Découvrez l’interview de Charlotte Leluc, fondatrice de « Bande de cheffes », traiteur solidaire et éco-responsable dont la cuisine est faite 100% maison.
- Pouvez-vous nous présenter votre parcours?
Je m’appelle Charlotte Leluc, j’ai créé Bande de Cheffes en 2021 avec l’objectif de permettre à des femmes réfugiées d’accéder à une activité salariée. J’ai créé une entreprise à la fois solidaire et écoresponsable, car pendant 20 ans j’ai travaillé pour la solidarité en tant que salariée à la Croix-Rouge française puis au ministère en charge de l’Économie sociale et solidaire. J’ai ensuite travaillé à la ville de Paris auprès de l’Adjointe à la maire en charge de l’accueil des réfugiés à partir de 2016. C’était un moment où se posait la question de l’accueil des réfugiés à Paris, même si elle est toujours d’actualité aujourd’hui. Toutes ces expériences m’ont donné l’envie de créer ma propre entreprise de l’économie sociale et solidaire. L’objectif pour Bande de cheffes est de permettre aux femmes réfugiées de prendre confiance en elles, et de leur faire prendre conscience qu’elles peuvent vivre de leurs propres expertises et non des subventions ou de la charité.
A plus long terme, l’idée est de montrer qu’une entreprise peut la fois être à l’équilibre et être vertueuse des points de vue social et environnemental.
- Pourquoi avoir choisi de lancer un projet dédié aux femmes?
Mes six années passées à la ville de Paris sur l’accueil de réfugiés auprès de Dominique Versini, l’Adjointe à la maire notamment en charge de ce sujet sur le précédent mandat, m’a montré que s’il est difficile pour tout un chacun de trouver du travail en France, ou quel que soit le pays d’accueil, ça l’est encore plus pour les femmes réfugiées. Une anecdote illustre parfaitement ce phénomène : chaque personne avec qui je parle de Bande de Cheffes, que ce soit à titre privé ou professionnel, me demande assez rapidement « comment fais-tu pour trouver ces femmes et les recruter ? ». J’ai réalisé à ce moment que c’est parce que les femmes réfugiées sont totalement invisibilisées, en particulier sur la scène professionnelle car elles ne travaillent pas ou n’ont pas de poste valorisé dans la société (femmes de ménages, restaurations, garde d’enfants…).

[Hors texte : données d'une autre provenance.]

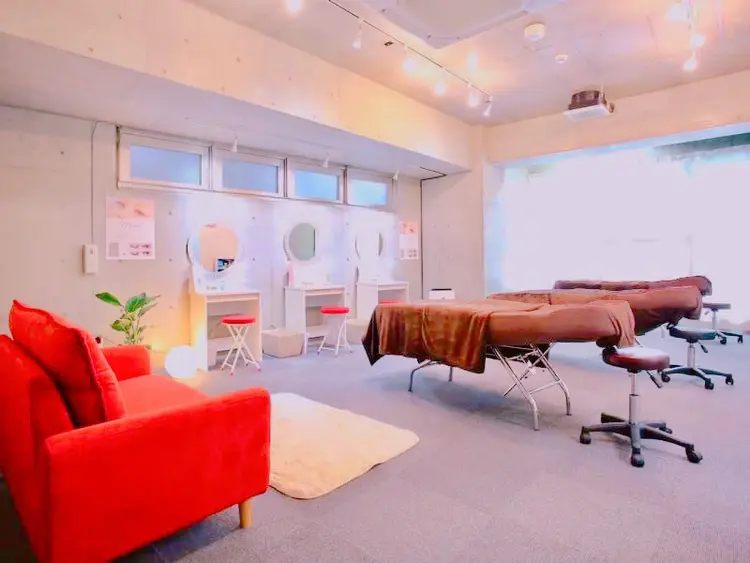 クリスタルラッシュの内観・外観1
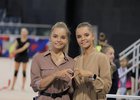Арина и Дина Аверины. Фото из группы «Арина и Дина Аверины | ОФК | Official Group» в соцсети «ВКонтакте»
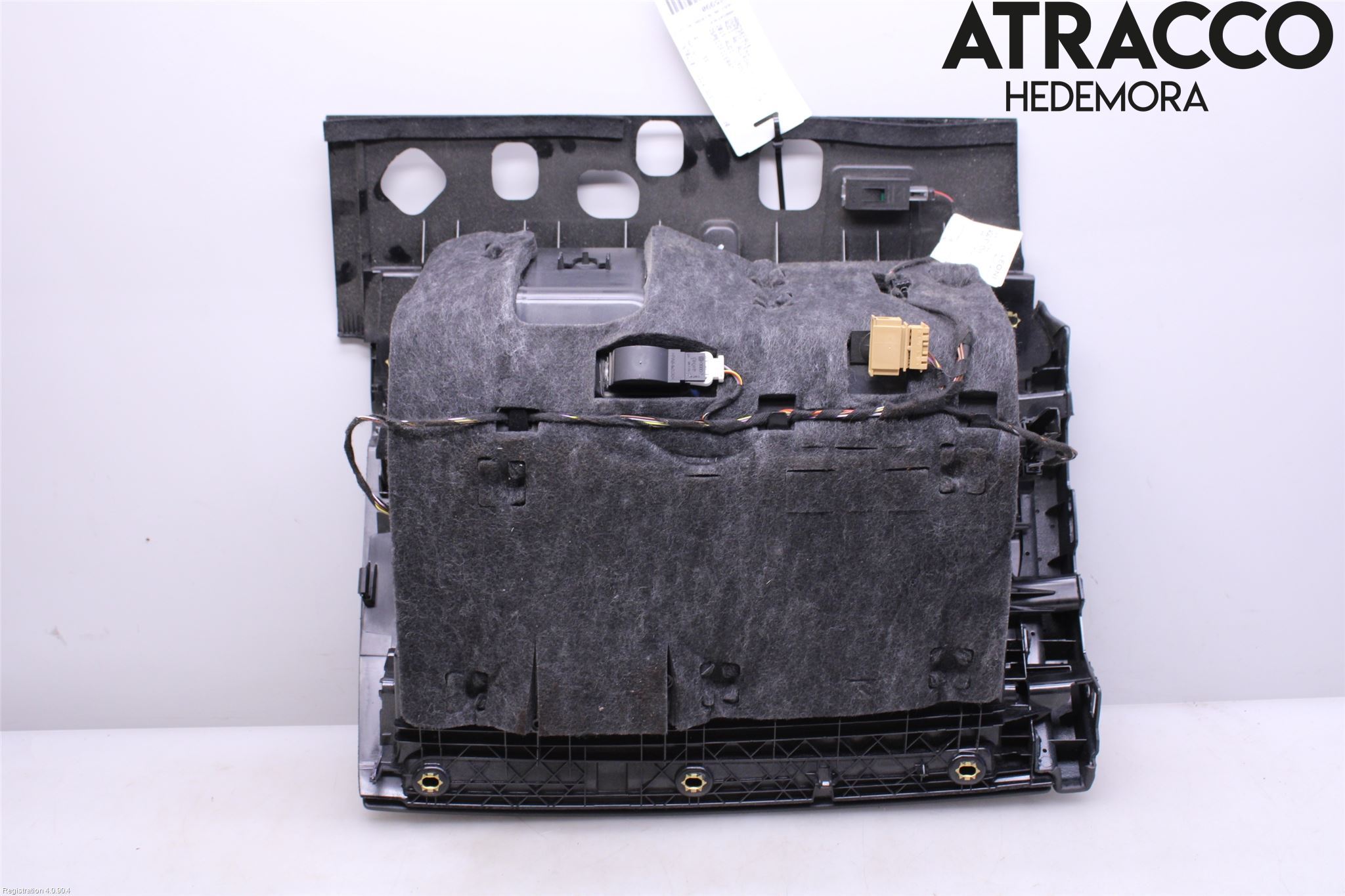 Audi A6 ALLROAD 12-18 Handskfack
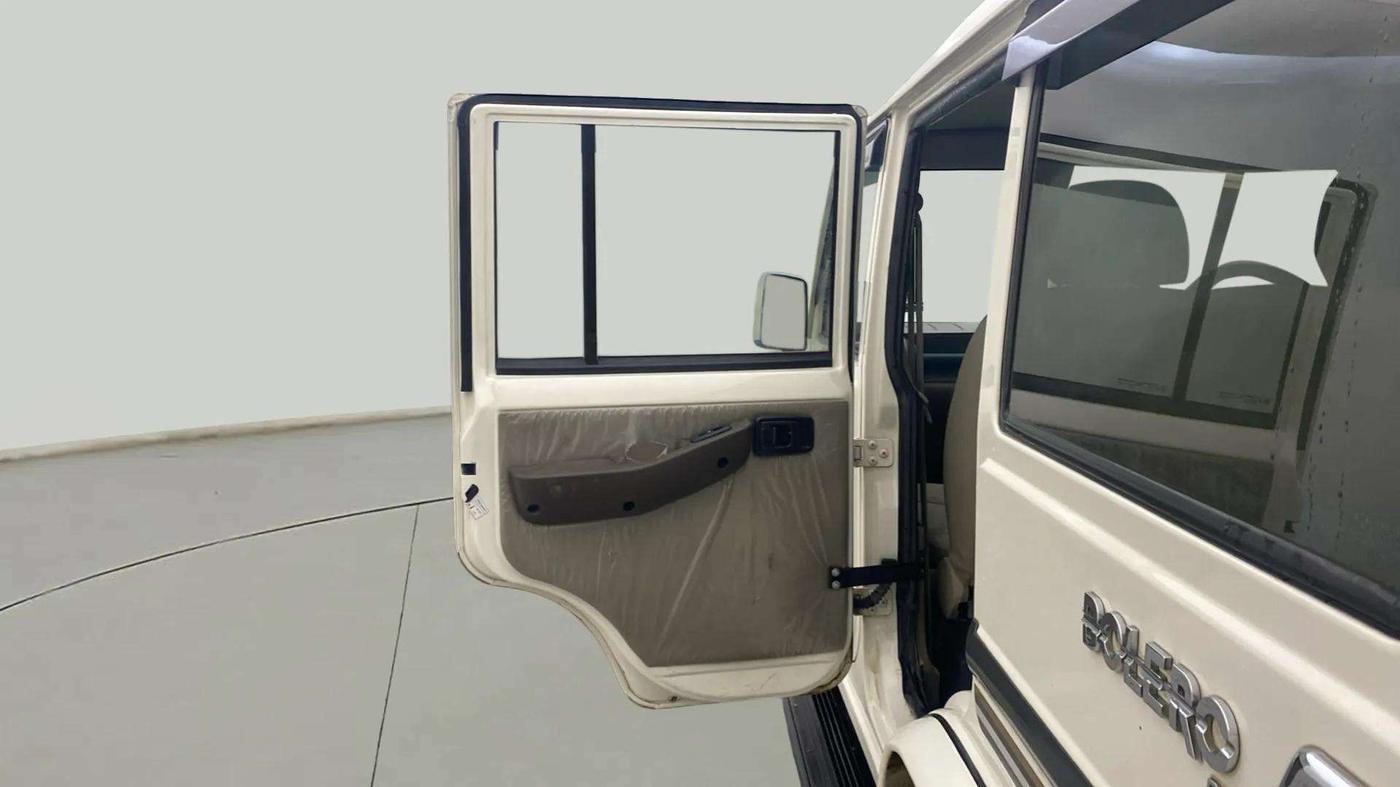 2020 Mahindra Bolero B6 (O), Diesel, Manual, 68,234 km, LHS Rear Door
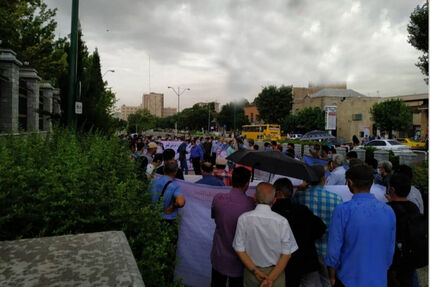 کارکنان صنعت نفت دست به تجمع زدند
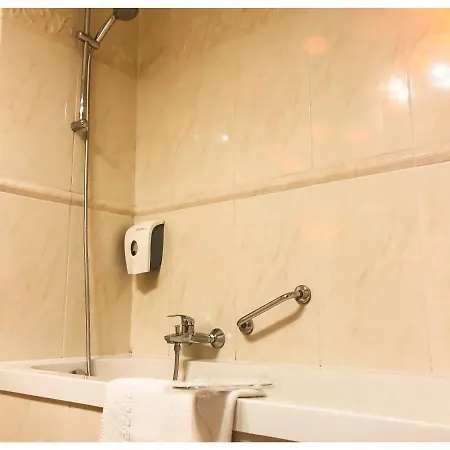 Numa I Scoop & 4* Брюссель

Au contraire, chez Bande de Cheffes on a pour objectif de les mettre sur le devant de la scène afin qu’elles prennent conscience de leurs compétences et de leurs expertises et plus encore, de tout ce qu’elles peuvent apporter à la société d’un point de vue global. On travaille beaucoup sur la question de la confiance en soi, sur ce que cela signifie d’être ambassadrice de Bande de Cheffes afin qu’elles s’approprient l’entreprise, et qu’elles soient fières de la représenter. On a pu observer que l’une des personnes qui a eu le plus de difficulté à avoir confiance en elle au sein de l’équipe a mis six mois à nous livrer sa première recette tandis que les autres y arrivaient plus vite. Après les six mois, elle a vu que son plat était apprécié et qu’elle avait le droit à l’erreur. A Bandes de Cheffes, on s’appuie sur les forces et non les faiblesses. Aujourd’hui cette femme est en pleine éclosion, elle a mis seulement un mois à nous livrer sa seconde recette.
Actuellement elles sont environ 5 cheffes réfugiées salariées et on a de belles perspectives de développement. J’espère qu’à la fin de l’année on sera en capacité de recruter 10 cheffes cuisinières réfugiées.
- Comment Bande de Cheffes agit pour lutter contre les barrières à l’entrée dans le milieu professionnel?
Comme d’autres entreprises pourraient le faire, nous proposons des formations professionnelles officielles, un apprentissage des normes d’hygiènes et ce qui peut être en lien avec le milieu de la restauration. Un des enjeux majeurs de Bandes de Cheffes est d’éviter une potentielle déperdition des talents et des compétences des personnes réfugiées à cause d’un manque de réseau, de connaissance des codes professionnels en France ou de maîtrise de la langue française. Certaines d’entre elles n’ont pas un niveau linguistique assez élevé pour accéder aux programmes de formations classiques. Ainsi, nous demandons durant la phase de recrutement non seulement d’aimer cuisiner mais aussi de s’inscrire dans une démarche d’apprentissage du français.
- Comment recrutez-vous vos cheffes?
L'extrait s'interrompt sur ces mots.